* **Your instructions**:
Transcribe all records, preserving every character.

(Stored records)
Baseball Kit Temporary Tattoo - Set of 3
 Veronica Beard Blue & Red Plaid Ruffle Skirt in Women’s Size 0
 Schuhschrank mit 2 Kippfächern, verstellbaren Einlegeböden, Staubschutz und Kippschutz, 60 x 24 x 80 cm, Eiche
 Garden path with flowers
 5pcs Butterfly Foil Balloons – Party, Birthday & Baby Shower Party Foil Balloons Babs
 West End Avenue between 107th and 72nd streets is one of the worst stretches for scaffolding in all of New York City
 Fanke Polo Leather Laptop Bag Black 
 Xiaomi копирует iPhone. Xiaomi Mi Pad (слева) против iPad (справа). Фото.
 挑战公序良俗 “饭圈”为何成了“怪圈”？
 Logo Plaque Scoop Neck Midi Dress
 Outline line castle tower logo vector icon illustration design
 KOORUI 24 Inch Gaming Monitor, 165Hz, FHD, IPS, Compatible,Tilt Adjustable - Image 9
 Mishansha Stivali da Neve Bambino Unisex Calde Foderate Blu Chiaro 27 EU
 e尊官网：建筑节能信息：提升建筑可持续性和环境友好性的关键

* **Result of this exercise**:
Baseball Kit Temporary Tattoo - Set of 3
 Veronica Beard Blue & Red Plaid Ruffle Skirt in Women’s Size 0
 Schuhschrank mit 2 Kippfächern, verstellbaren Einlegeböden, Staubschutz und Kippschutz, 60 x 24 x 80 cm, Eiche
 Garden path with flowers
 5pcs Butterfly Foil Balloons – Party, Birthday & Baby Shower Party Foil Balloons Babs
 West End Avenue between 107th and 72nd streets is one of the worst stretches for scaffolding in all of New York City
 Fanke Polo Leather Laptop Bag Black 
 Xiaomi копирует iPhone. Xiaomi Mi Pad (слева) против iPad (справа). Фото.
 挑战公序良俗 “饭圈”为何成了“怪圈”？
 Logo Plaque Scoop Neck Midi Dress
 Outline line castle tower logo vector icon illustration design
 KOORUI 24 Inch Gaming Monitor, 165Hz, FHD, IPS, Compatible,Tilt Adjustable - Image 9
 Mishansha Stivali da Neve Bambino Unisex Calde Foderate Blu Chiaro 27 EU
 e尊官网：建筑节能信息：提升建筑可持续性和环境友好性的关键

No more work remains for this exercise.